=== Data listing ===
________________

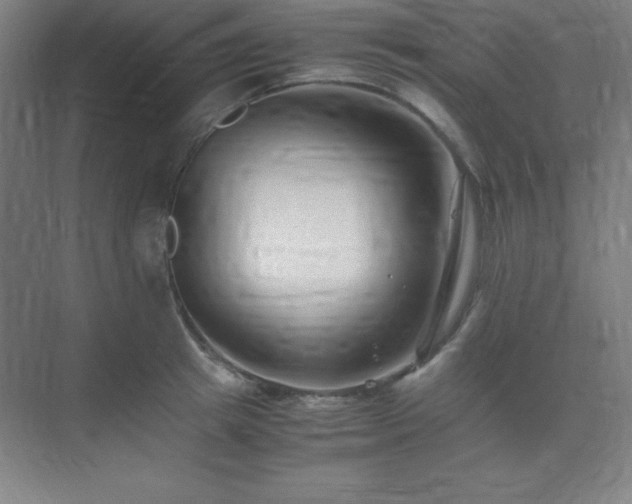 X0000075410849200609151845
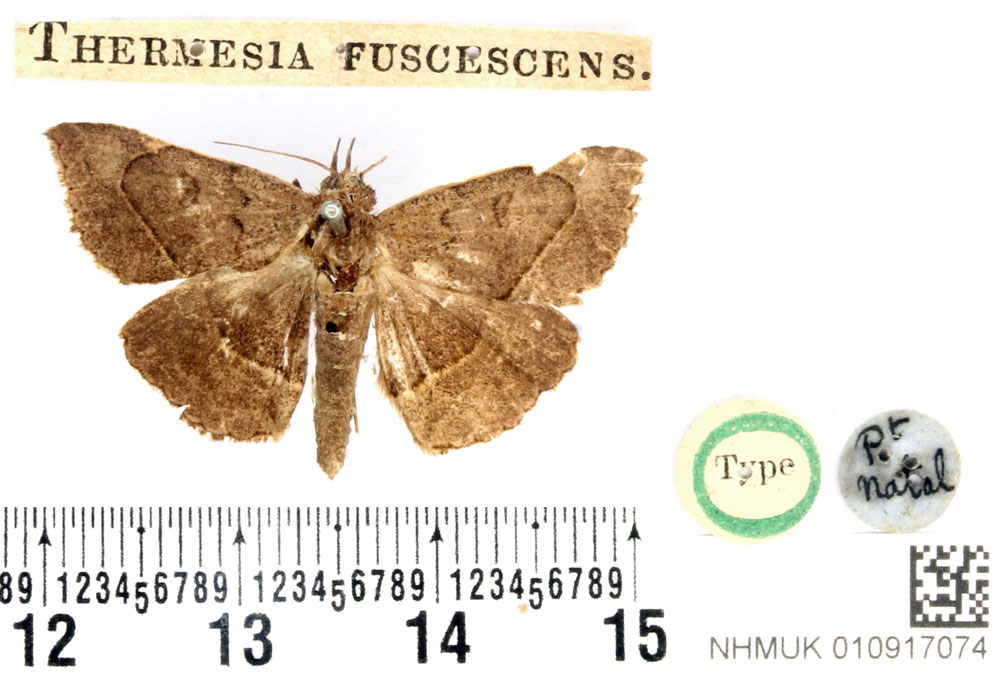 /filer/webapps/moths/media/images/F/fuscescens_Thermesia_HT_BMNH.jpg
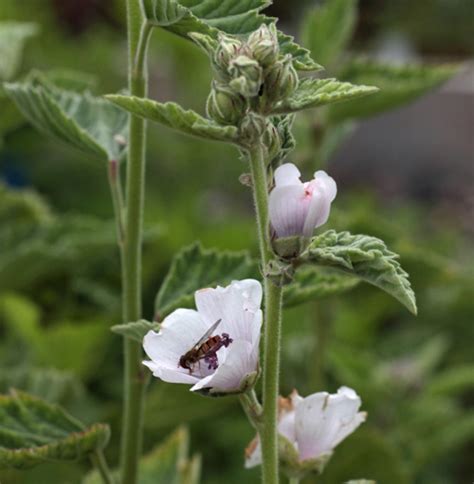 Althaea officinalis - The Plantsman's Preference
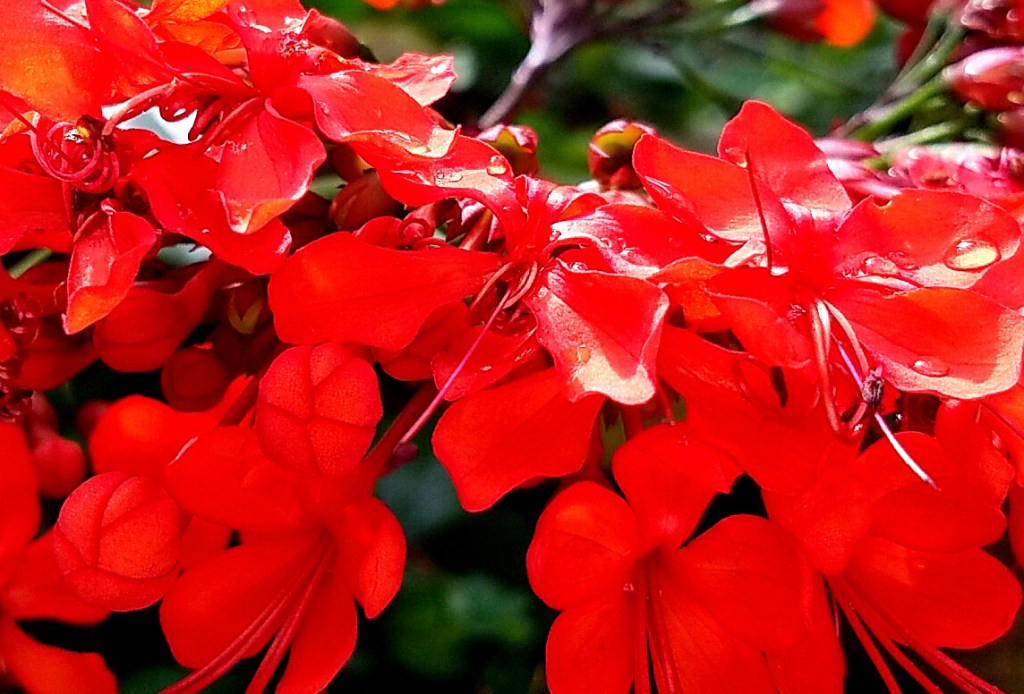 Flower of the Day – November 30, 2016 –Tropical&nbsp;Reds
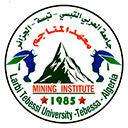 Mining Institute 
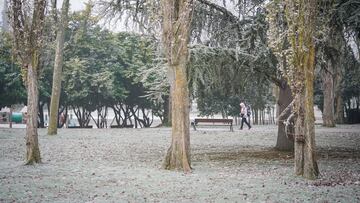 Nevadas leves en Vitoria.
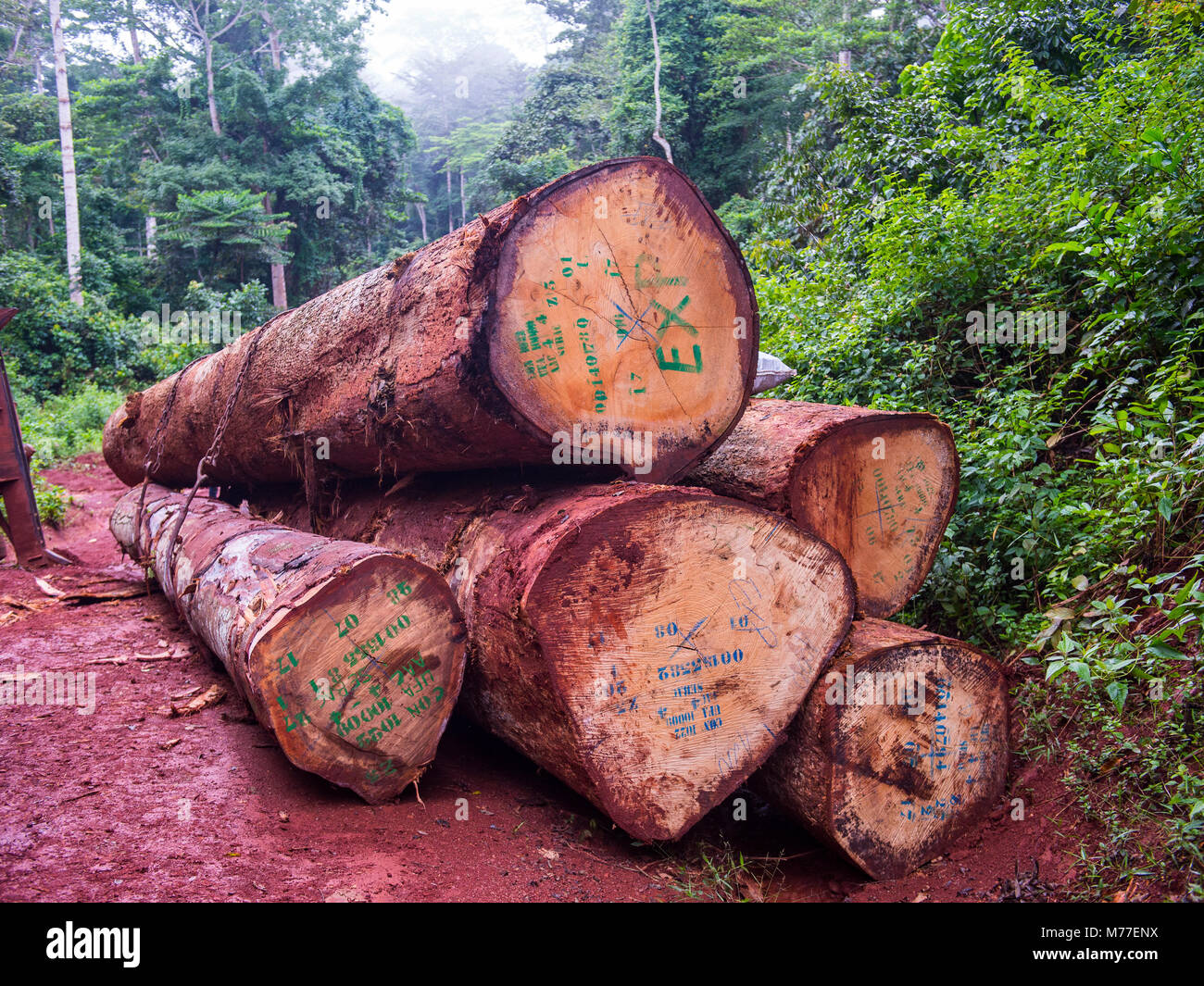 Logging truck, profondément dans la jungle du Cameroun, l'Afrique Banque D'Images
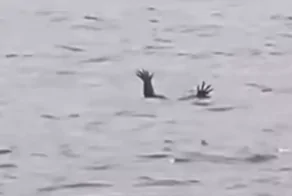 Находчивые аллигаторы "заманивают людей на смерть", имитируя тонущих людей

________________

=== Aim of the task ===
Each entry should be output word for word, with no pictures carried over.

=== Task output ===
 X0000075410849200609151845
 /filer/webapps/moths/media/images/F/fuscescens_Thermesia_HT_BMNH.jpg
 Althaea officinalis - The Plantsman's Preference
 Flower of the Day – November 30, 2016 –Tropical&nbsp;Reds
 Mining Institute 
 Nevadas leves en Vitoria.
 Logging truck, profondément dans la jungle du Cameroun, l'Afrique Banque D'Images
 Находчивые аллигаторы "заманивают людей на смерть", имитируя тонущих людей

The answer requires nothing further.